Are there any applications that can help determine the "spaminess" of a Twitter follower?

For example, looking at whether the user unfollows people who don't follow back, whether most of their Tweets are promoting a single site, or whether they follow indiscriminately.

3 Answers 3


Besides the disproportionate ratio of followers to followings already mentioned, I've seen spammy followers show up because their area of work (?) is related to a keyword of my last tweet. I don't tweet often, and I don't have lots of followers, so this is pretty easy to spot manually.

For example, I whine in a tweet about getting CVs that contain "Java programmer" only to find out during the interview that they know little about Java.
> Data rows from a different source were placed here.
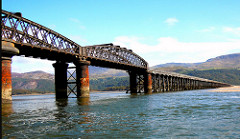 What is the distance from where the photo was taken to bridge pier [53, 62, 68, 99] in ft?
182

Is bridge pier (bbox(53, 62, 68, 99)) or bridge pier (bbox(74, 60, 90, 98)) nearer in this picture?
bridge pier (bbox(74, 60, 90, 98))

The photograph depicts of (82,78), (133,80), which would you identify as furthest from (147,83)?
(82,78)

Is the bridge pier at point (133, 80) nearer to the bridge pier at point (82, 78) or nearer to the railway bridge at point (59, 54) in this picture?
the railway bridge at point (59, 54)

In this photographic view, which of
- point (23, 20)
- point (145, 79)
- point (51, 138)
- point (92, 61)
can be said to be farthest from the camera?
point (145, 79)

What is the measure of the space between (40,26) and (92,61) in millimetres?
18981

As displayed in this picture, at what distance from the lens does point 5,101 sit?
34.9 meters

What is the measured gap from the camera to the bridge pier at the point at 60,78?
5539 cm

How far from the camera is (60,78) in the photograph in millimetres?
55781

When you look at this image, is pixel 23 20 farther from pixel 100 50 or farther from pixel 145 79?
pixel 145 79

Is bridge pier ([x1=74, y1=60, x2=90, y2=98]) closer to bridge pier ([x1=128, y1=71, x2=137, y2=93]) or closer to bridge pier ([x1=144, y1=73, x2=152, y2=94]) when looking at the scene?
bridge pier ([x1=144, y1=73, x2=152, y2=94])

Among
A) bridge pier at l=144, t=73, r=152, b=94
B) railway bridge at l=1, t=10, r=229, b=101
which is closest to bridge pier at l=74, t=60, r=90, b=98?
railway bridge at l=1, t=10, r=229, b=101

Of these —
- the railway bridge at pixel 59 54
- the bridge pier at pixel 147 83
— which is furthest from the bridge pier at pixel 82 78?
the bridge pier at pixel 147 83

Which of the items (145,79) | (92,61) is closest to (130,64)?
(145,79)

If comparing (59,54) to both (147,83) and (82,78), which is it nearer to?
(82,78) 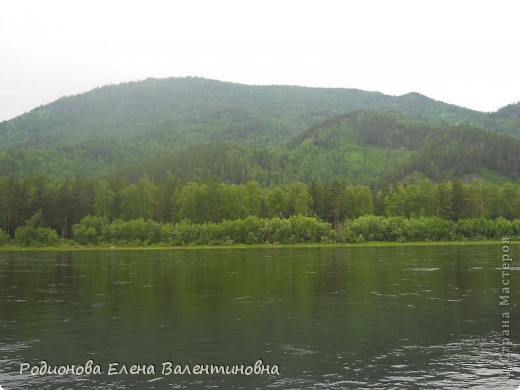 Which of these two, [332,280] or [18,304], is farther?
[332,280]

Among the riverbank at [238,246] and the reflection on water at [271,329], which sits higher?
the reflection on water at [271,329]

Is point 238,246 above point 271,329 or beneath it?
beneath

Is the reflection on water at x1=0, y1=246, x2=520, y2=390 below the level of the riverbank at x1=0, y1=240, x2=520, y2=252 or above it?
above

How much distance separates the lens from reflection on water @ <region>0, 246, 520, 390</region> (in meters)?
30.4

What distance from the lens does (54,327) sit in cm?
4409

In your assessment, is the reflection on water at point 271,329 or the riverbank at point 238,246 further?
the riverbank at point 238,246

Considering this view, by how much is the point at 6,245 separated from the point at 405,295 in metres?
154

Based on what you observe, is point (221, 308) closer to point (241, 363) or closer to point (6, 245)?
point (241, 363)

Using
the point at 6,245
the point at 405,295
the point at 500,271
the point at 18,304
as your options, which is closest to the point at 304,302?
the point at 405,295

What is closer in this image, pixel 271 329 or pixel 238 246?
pixel 271 329

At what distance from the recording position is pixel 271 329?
42.0 meters

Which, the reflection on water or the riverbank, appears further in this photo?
the riverbank

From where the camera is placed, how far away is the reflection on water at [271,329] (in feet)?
99.7

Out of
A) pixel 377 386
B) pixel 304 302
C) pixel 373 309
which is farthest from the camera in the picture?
pixel 304 302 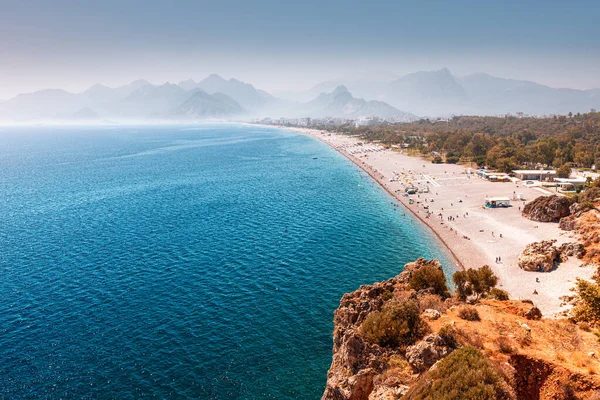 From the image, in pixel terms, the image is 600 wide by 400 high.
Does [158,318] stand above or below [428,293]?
below

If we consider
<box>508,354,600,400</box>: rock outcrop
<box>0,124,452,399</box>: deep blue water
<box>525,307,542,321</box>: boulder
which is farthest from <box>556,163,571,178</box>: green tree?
<box>508,354,600,400</box>: rock outcrop

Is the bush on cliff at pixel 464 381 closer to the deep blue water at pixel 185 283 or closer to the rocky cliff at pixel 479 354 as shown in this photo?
the rocky cliff at pixel 479 354

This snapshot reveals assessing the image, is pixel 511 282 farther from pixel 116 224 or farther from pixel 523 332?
pixel 116 224

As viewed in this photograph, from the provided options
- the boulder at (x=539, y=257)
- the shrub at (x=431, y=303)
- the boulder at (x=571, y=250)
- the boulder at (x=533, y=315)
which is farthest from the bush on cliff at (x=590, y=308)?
the boulder at (x=571, y=250)

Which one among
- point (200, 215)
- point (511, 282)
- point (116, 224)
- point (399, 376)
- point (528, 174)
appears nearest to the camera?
point (399, 376)

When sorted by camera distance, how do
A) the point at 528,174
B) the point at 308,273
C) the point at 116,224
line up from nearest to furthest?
the point at 308,273
the point at 116,224
the point at 528,174

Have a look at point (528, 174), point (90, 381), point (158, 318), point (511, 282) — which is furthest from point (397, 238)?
point (528, 174)

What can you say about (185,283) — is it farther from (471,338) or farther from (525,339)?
(525,339) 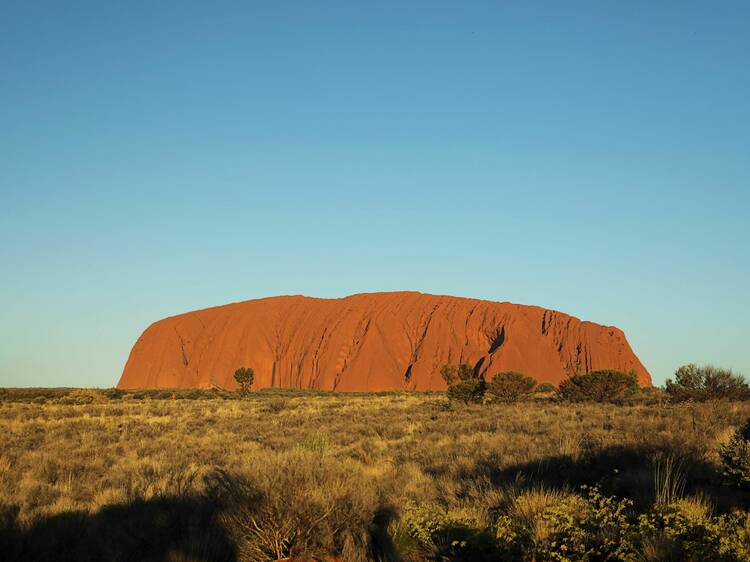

Then days/weeks later I have a new follower who specializes in recruiting Java programmers for IT companies.

My conjecture is that some spammers search tweets containing particular keywords, and then follow those tweeters, perhaps hoping to get a follow back and a voluntary reader of their spams.

When you get a new follower, cross reference the content of your last tweets and the keywords of their interests (if they're commercial). You'll detect the spammy followers.


Well as for the word 'spaminess' I take it in 2 ways :

  1. Those who tweet a lot - I am guessing this is not a problem here
  2. Spam users and not belonging to above category

For those in 2nd category, here are some ways :

  • 2
    Please can you summarise the pages you link to in the answer itself. If these pages ever get removed your answer will become useless.
    – ChrisF
    Oct 17, 2012 at 10:10

An extreme following > followers ratio. An account that is following hundreds of people, but has only a handful of followers, is in many cases a spam account.

BUT by no means is this a straight indicator, merely a good warning sign to keep an eye out.

Obviously, 'people' you don't know personally sending you very short direct messages with a shortened url link are suspect (have had plenty of those, which you can easily block from then on).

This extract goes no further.